Caption-style text data:
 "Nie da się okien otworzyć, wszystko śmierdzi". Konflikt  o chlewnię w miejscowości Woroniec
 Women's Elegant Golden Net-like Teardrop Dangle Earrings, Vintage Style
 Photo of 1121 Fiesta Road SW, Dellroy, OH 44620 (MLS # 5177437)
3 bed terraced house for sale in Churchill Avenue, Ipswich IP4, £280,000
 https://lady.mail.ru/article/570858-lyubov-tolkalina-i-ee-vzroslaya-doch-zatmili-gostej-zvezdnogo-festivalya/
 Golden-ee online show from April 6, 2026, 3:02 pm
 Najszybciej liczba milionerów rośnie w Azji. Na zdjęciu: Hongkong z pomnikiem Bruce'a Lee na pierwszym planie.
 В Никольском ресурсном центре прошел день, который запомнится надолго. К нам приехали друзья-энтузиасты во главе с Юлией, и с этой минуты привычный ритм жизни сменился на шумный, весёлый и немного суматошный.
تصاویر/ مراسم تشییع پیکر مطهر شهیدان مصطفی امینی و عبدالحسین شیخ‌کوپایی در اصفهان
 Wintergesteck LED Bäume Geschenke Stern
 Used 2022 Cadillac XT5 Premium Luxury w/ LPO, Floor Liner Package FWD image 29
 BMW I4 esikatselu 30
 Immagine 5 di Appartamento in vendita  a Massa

What you should do
Filter the records above, keeping each line that contains the word "Golden".

Your response
 Women's Elegant Golden Net-like Teardrop Dangle Earrings, Vintage Style
 Golden-ee online show from April 6, 2026, 3:02 pm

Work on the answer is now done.